Background: The literature continues to support that patients undergoing hematopoietic stem cell transplantation (HSCT) receive early consultation with palliative care specialists. Nurses can be leaders in this initiative.
Objectives: This quality improvement project was conducted to determine whether patients undergoing HSCT, who were provided an early consultation with palliative care, would report increased knowledge and increased ability to access palliative services.
Methods: Patients completed a postintervention questionnaire in which the majority of patients reported that they had increased knowledge about palliative care and learned how to access their services.
Findings: Patient comments were positive about the successful intervention of early palliative care. The palliative care team, however, revealed a different view of the situation, showing that patients were often overwhelmed, anxious, and sometimes did not remember the content of their meetings.
Palliative care improves the quality of life of patients and families facing chronic life-threatening illnesses. This is accomplished by using assessment and early identification to prevent suffering and provide relief for physical, psychosocial, and spiritual issues (Bruera & Hui, 2010). Noteworthy benefits of palliative care include symptom management, coping strategies, education for patients about their illness, and increased understanding of the prognosis (Yoong et al., 2013).

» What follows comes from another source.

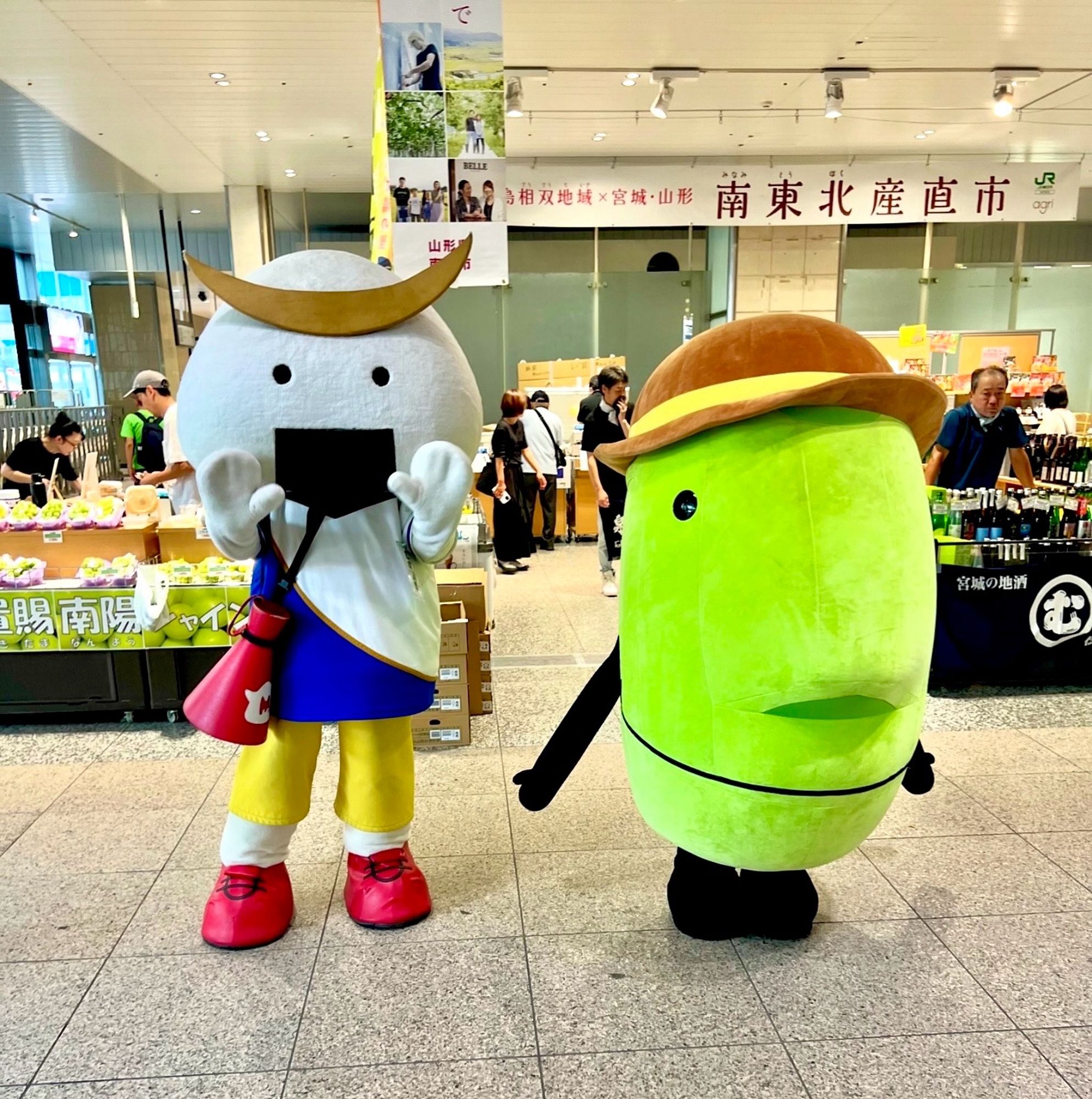 A samurai whose head is a rice ball, wearing contemporary sporting attire, stands beside a green mascot in the shape of Yamagata Prefecture, with a big brown hat.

Patients, families, and the healthcare team benefit from knowledge of palliative care services. Temel et al. (2010) reported that significant improvements were noted in quality of life and mood when palliative care was initiated early in a population of patients with lung cancer. Patients with lung cancer who were in a palliative care setting tended to have less aggressive care at the end of life. In addition, they had significantly longer survival. A better understanding of palliative care and what it can provide may make patients and families more receptive.
Therefore, the purpose of this quality improvement project was to initiate early palliative care services (prior to initial admission) for patients undergoing hematopoietic stem cell transplantation (HSCT) and to improve access to and knowledge of palliative care from the initial admission throughout the cancer care journey. The intervention occurred in the form of two meetings between a patient (family members were included if present) and a palliative care nurse practitioner. Following the palliative care intervention, patients reported a significant improvement in their knowledge about palliative care. In addition, 92% of patients felt that they had the information needed to access palliative care in the future.
The American College of Surgeons Commission on Cancer (CoC) included palliative care recommendations in the Cancer Program Standards 2012: Ensuring Patient-Centered Care. The new recommendations stated that “the availability of palliative care services is an essential component of cancer care, beginning at the time of diagnosis and being continuously available throughout treatment, surveillance, and, when applicable, during bereavement” (CoC, 2012, p. 70). A 2011 public opinion research poll conducted by the Center to Advance Palliative Care (CAPC) showed that more than 70% of patients were not at all knowledgeable about palliative care. However, once informed, 95% of patients stated that education on palliative care is important, and 92% said that palliative care should be accessible to patients and families dealing with serious illness (CAPC, 2011).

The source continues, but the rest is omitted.